# Incorporation of ray-casting into OpenSceneGraph’s event handler to perform drawing on plane in 3D

# Problem statement

The well-known `osgUtil::LineIntersector`

helps to find intersections with different `osg::Drawable`

s such as `QUAD`

, `LINES`

, and even `POINTS`

. But what if we want to know an intersection point with a *virtual* object that does not necessary have an `osg::Drawable`

representation?

In this tutorial we will show how to do it by intersecting a mouse ray with a *virtual plane* data type. The point of intersection, depending on the mouse event, will indicate either a beginning of a *line segment*, or its end. In simpler words, this tutorial is going to show **how to draw line segments on virtual plane** using `osgGA::EventQueue`

method, and without using the standard `osgUtil::LineIntersector`

.

As mentioned above, we will also have to take into account a mouse event type. When mouse is pressed, it will indicate the beginning of the line segment. When mouse is dragged, we shall be able to see the temporal position of the segment’s end. Finally, when mouse is realised, it will indicate the definite end of the segment.

# Helper data types

Before we start talking about ray casting, we have to define some helper classes:

- class
`Canvas`

to represent a*virtual plane*in 3D space - class
`Stroke`

to represent a*line segment*within`Canvas`

## Virtual plane - `Canvas`

For simplicity, we are going to call our custom *virtual plane* as **canvas**. This name reflects its purpose much better since one of its main functions is to maintain line segments that user draws in 3D space.

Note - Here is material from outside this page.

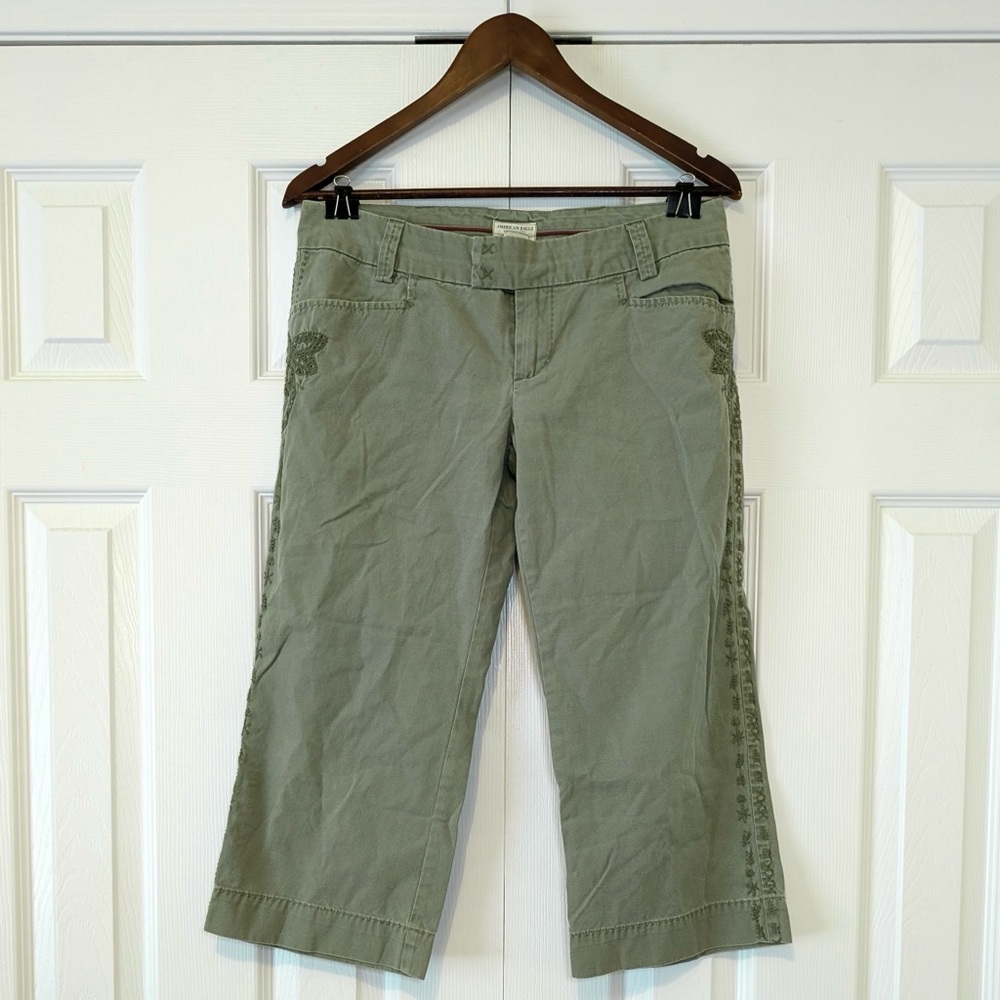 100% Cotton Y2K Vintage American Eagle Floral Embroidered Green Capri Pants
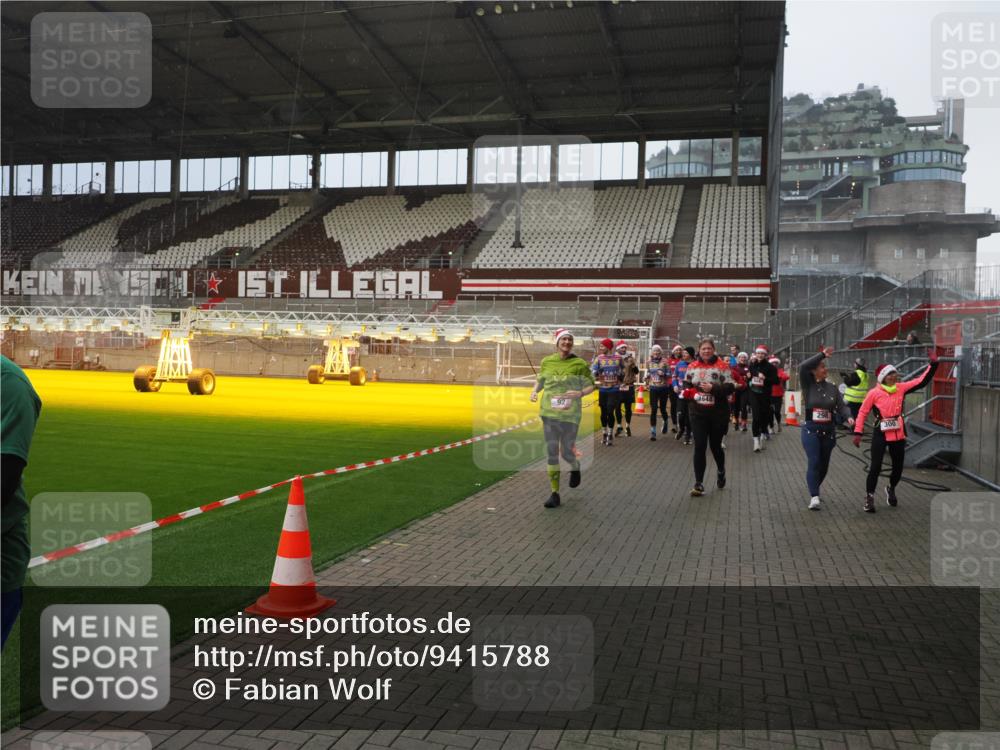 07.12.2025 - St. Pauli X-Mass-Run No. 15 Fabian Wolf http://msf.ph/oto/9415788 07.12.2025 11:06:03 Ziel 92, 298, 300, 402, 403, 556, 659, 693, 854, 858, 878, 920, 927, 929, 944, 973, 1024, 1025, 1208, 1223, 1229, 1287, 1428, 1429, 1430, 1432, 1608, 1648, 2243, 2245, 3272, 3278, 4579, 4581, 4583, 4585, 4587 meine-sportfotos.de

We are going to describe the canvas plane by *point-normal* form. A plane can be expressed as a set of points \(P\) for which

\[(P-C)\vec{n} = 0\]

Where \(\vec{n}\) is a normal vector to the plane, and \(C\) is a point on the plane. For canvas, we define point \(C\) to be a *center* of the plane which is chosen arbitrary (for our coding example we use coordinates \(C=[0,0,0]\)).

Now we have to think of a graphical representation for our class. It would be useful to have some type of visual reference for the user that helps to make more sense about the location of the canvas. We represent our canvas as a *rectangle*, which is defined as four points that lie within the plane, and four lines that connect those points so that a rectangle is formed.

We choose constant coordinates for the four points (vertices) which are spread around the arbitrary center \(C\).

The figure below is an example of the canvas representation:

The canvas class implementation consist of the next elements:

- Constructor that initializes internal variables and defines the geometry of the representative rectangle
- Method to add a new line segment to the canvas
- Method to dynamically change a
*current stroke*which is represented by private variable. It is created so that to initialize and set end / beginning of the stroke that user is currently drawing. - Getter methods so that to obtain internal variables such as center, plane equation and
`osg::MatrixTransform`

.

Here is en example of the canvas API:

For the class implementation details, refer to the corresponding tutorial file (link provided at the end of this tutorial).

## Line segment - `Stroke`

The line segment type is called a **Stroke**. The stroke is represented by two points that lie within our canvas and which are connected by a line segment.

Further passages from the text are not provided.